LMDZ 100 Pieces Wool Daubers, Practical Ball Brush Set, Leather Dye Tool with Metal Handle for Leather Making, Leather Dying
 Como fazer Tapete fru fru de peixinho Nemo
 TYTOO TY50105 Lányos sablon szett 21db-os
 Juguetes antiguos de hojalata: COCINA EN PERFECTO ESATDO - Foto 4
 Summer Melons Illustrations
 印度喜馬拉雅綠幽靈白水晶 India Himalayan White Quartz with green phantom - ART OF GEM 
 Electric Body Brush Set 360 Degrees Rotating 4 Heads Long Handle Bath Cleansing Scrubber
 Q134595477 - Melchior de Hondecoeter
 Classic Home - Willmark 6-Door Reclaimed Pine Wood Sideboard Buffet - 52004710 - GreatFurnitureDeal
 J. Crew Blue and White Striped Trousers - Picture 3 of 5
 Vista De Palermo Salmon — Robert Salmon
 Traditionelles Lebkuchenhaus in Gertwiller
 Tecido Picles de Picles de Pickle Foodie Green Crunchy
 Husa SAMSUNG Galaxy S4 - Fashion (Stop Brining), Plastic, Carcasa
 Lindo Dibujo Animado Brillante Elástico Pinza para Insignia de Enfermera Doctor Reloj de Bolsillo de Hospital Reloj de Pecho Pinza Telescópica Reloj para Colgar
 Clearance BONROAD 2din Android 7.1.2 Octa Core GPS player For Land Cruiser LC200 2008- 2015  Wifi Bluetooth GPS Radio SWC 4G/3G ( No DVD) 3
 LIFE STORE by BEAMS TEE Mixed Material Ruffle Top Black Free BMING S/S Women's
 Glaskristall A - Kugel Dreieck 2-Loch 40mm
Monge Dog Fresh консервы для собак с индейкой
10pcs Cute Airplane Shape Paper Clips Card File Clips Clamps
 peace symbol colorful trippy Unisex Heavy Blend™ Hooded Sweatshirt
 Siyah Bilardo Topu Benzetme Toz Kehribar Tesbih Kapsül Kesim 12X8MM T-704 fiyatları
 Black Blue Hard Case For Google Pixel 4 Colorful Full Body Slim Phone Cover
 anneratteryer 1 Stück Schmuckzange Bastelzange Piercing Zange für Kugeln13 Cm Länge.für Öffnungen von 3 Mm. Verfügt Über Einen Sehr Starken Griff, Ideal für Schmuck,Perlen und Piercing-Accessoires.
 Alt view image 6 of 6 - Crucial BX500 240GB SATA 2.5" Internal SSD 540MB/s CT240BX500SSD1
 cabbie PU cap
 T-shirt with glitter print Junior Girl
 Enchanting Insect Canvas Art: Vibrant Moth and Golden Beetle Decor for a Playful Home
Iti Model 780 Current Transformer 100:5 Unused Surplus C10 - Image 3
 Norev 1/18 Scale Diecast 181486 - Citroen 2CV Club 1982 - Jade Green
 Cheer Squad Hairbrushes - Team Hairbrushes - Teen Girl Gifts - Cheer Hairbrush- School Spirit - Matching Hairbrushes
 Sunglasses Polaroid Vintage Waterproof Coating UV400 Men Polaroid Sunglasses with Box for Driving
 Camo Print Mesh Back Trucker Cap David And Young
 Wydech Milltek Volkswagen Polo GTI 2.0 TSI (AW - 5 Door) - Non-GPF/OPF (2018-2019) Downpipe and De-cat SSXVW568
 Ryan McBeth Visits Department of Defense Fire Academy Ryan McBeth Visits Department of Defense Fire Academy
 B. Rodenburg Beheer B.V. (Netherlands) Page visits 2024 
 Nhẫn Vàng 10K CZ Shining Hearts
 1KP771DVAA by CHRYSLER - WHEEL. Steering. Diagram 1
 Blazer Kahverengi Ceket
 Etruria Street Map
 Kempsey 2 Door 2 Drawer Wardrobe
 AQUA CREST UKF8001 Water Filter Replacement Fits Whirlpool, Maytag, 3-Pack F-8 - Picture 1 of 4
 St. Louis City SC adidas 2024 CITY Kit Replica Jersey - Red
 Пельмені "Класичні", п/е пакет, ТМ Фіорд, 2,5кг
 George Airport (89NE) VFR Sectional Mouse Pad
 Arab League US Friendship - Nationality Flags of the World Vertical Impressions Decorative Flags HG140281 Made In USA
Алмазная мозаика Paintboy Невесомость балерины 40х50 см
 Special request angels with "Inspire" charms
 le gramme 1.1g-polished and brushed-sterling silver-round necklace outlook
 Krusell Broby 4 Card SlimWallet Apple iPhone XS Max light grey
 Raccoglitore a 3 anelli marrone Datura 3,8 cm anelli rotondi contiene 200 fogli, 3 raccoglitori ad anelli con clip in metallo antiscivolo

━━━━━━━━━━━━━━━━

» Assignment
Retype the lines of the material from the one containing "B. Rodenburg Beheer" through the last line, exactly, and give no other lines.

» Your response
 B. Rodenburg Beheer B.V. (Netherlands) Page visits 2024 
 Nhẫn Vàng 10K CZ Shining Hearts
 1KP771DVAA by CHRYSLER - WHEEL. Steering. Diagram 1
 Blazer Kahverengi Ceket
 Etruria Street Map
 Kempsey 2 Door 2 Drawer Wardrobe
 AQUA CREST UKF8001 Water Filter Replacement Fits Whirlpool, Maytag, 3-Pack F-8 - Picture 1 of 4
 St. Louis City SC adidas 2024 CITY Kit Replica Jersey - Red
 Пельмені "Класичні", п/е пакет, ТМ Фіорд, 2,5кг
 George Airport (89NE) VFR Sectional Mouse Pad
 Arab League US Friendship - Nationality Flags of the World Vertical Impressions Decorative Flags HG140281 Made In USA
Алмазная мозаика Paintboy Невесомость балерины 40х50 см
 Special request angels with "Inspire" charms
 le gramme 1.1g-polished and brushed-sterling silver-round necklace outlook
 Krusell Broby 4 Card SlimWallet Apple iPhone XS Max light grey
 Raccoglitore a 3 anelli marrone Datura 3,8 cm anelli rotondi contiene 200 fogli, 3 raccoglitori ad anelli con clip in metallo antiscivolo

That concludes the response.